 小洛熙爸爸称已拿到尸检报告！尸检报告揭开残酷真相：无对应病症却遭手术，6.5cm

· · · ·

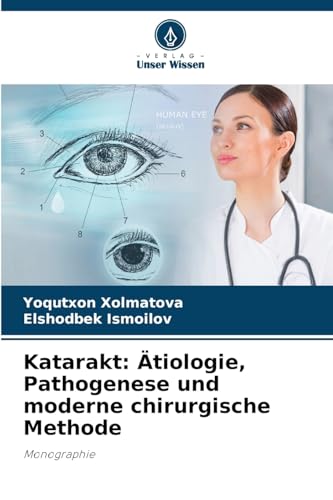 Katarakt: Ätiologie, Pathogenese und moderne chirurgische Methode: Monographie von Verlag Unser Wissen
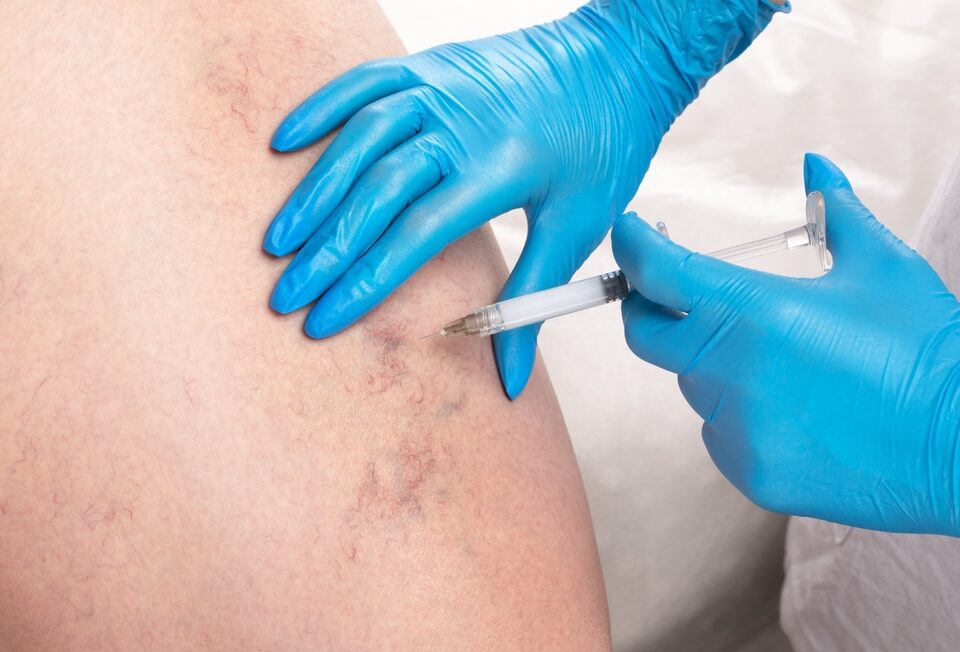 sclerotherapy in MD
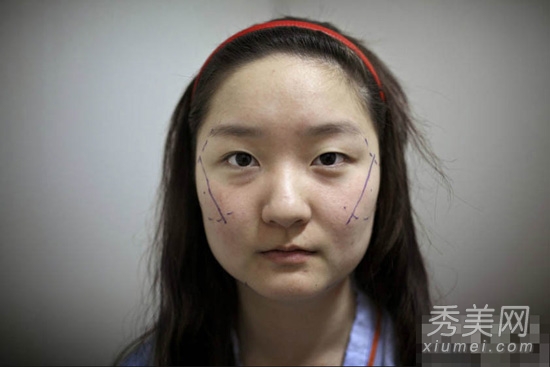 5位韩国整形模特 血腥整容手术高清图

· · · ·

§ **What you need to do**
Leaving pictures out, output the lines of the data above from the one with "Katarakt: Ätiologie, Pathogenese" through the one with "5位韩国整形模特 血腥整容手术高清图", word for word.

§ **Written response**
 Katarakt: Ätiologie, Pathogenese und moderne chirurgische Methode: Monographie von Verlag Unser Wissen
 sclerotherapy in MD
 5位韩国整形模特 血腥整容手术高清图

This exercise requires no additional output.